State Sen. Nicholas Scutari on Thursday introduced a bill that would completely overhaul the state’s campaign finance disclosures, eliminating quarterly reports and requiring candidates, municipal committees and PACs to report fundraising in spending in near real time.
“It’s the beginning of a discussion as far as I’m concerned to change our campaign finance laws so that there is full disclosure,” Scutari said. “And I think that’s the direction we should be moving in.”
The measure would remove contribution limits for those groups and require they report any donations over $200 and all spending within 72 hours.
Currently, candidates and various types of political committees report campaign finance figures once a quarter, with additional disclosures due in the days before and after a given election.
The bill is still in its nascency, and Scutari said he was willing to entertain amendments, including from Republicans.
“I’m working with some Republicans to try to get it to be a bipartisan bill. I think it’s time that we start looking at moving into the 21st century with disclosure of campaign donations,” he said. “People should know exactly who’s giving to where and basically when it’s done.”

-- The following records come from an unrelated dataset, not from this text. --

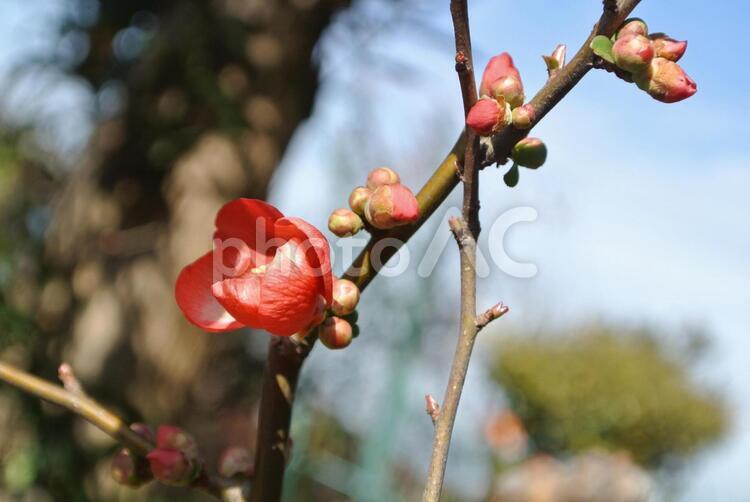 花、ボケ 1月,ボケ,冬花の写真素材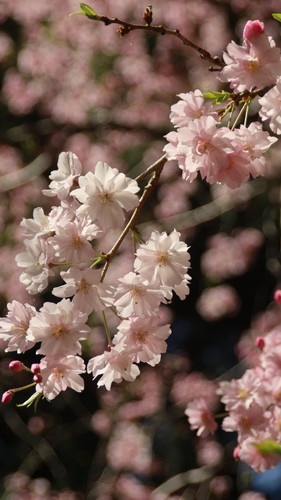 GoKnGknaQAAxksP.jpg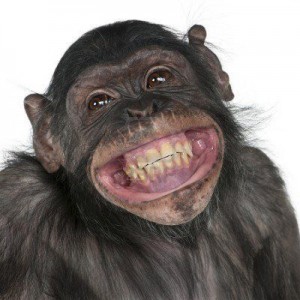 Happy-Chimp-300x300.jpg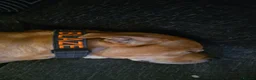 Mixed Breed dogs for sale: Blaze - Advert 9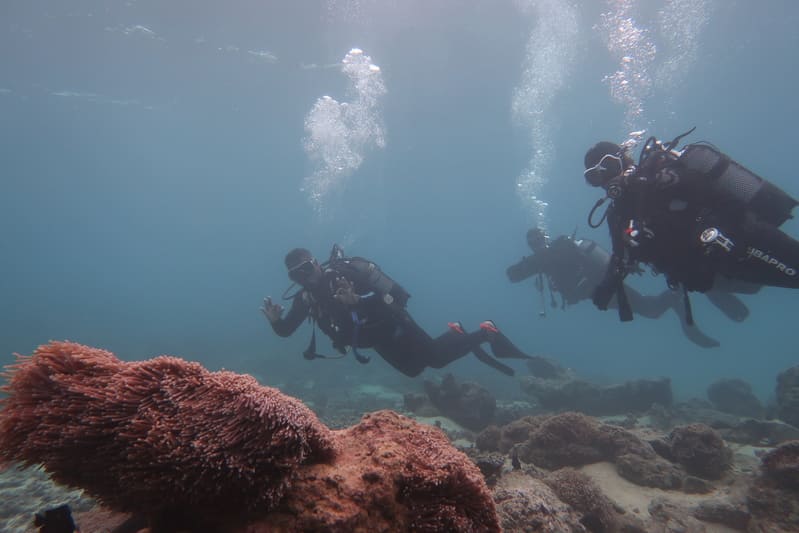 Padi Scuba Diver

Jeff Brindle, the executive director of the New Jersey Election Law Enforcement Commission, has long called for changes to the state’s campaign finance laws that would direct money to candidates and party organizations instead of certain independent groups with far laxer reporting requirements.

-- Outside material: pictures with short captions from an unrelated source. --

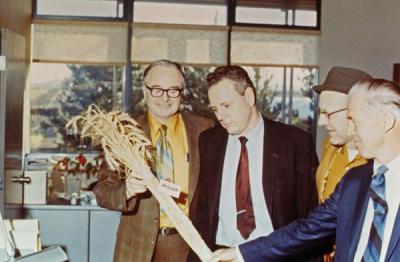 <p>Men examining the Hyslop wheat variety. From left to right: R. W. Henderson, Warren Kronstad (former Genetics Program director), Tom Jackson and Norman Borlaug. The men were examining a new wheat variety named after</p><p>				Professor George R. Hyslop.</p>
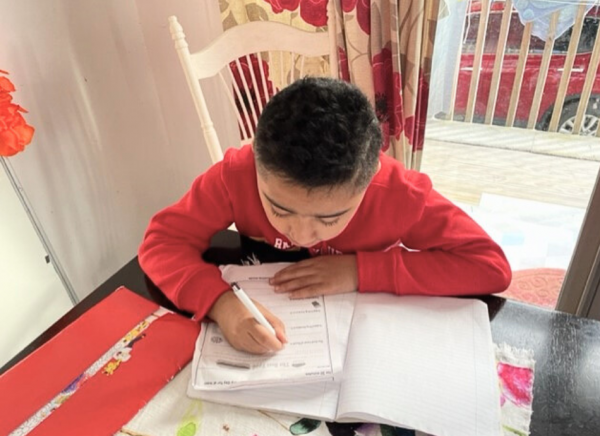 Young boy in red jumper doing his homework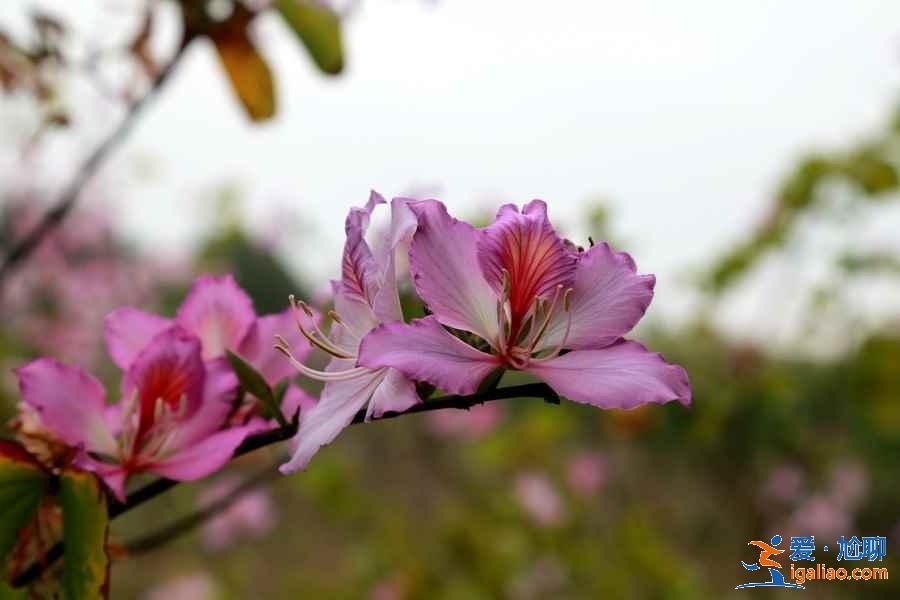 深圳三月去哪賞花，深圳三月賞花好去處，深圳三月賞花攻略？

“We’re going to certainly seek out his counsel and his thought process on this if we get some traction on it, because I think we need to move forward in a different direction than these rules that we have that I don’t think have been thought about for quite a while,” Scutari said.
He may run into some roadblocks.
During a press conference Friday afternoon, Gov. Phil Murphy said he was not familiar with the bill but suggested he would oppose removing contribution limits altogether.

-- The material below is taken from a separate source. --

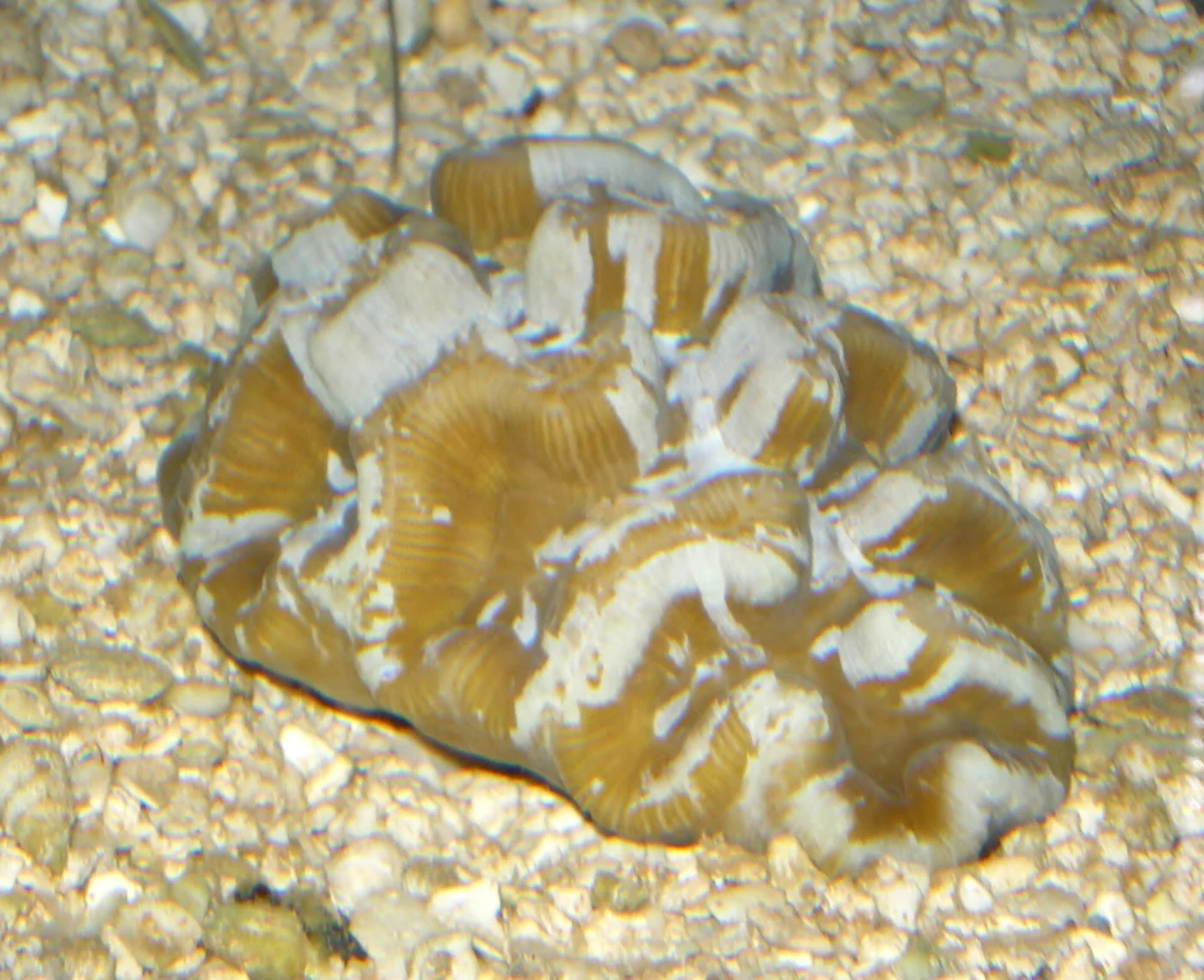 Tortugas rose coral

“As a general matter, I’m not wild about lifting limits, even though it makes — particularly for my wife, these days — the work harder,” Murphy said, speaking generally. “I’ve generally been a for-limit person and always been for transparency, and I’ll stay that way.”
First Lady Tammy Murphy has taken the lead on fundraising for her husband’s re-election campaign.
Scutari said he believed limits on contributions to candidates, currently set to $2,600 for individual donors in a given election, were arbitrary but added that nothing in the bill was final.
“It’s the beginning of a discussion as far as I’m concerned to change our campaign finance laws so that there is full disclosure,” he said. “And I think that’s the direction we should be moving in.”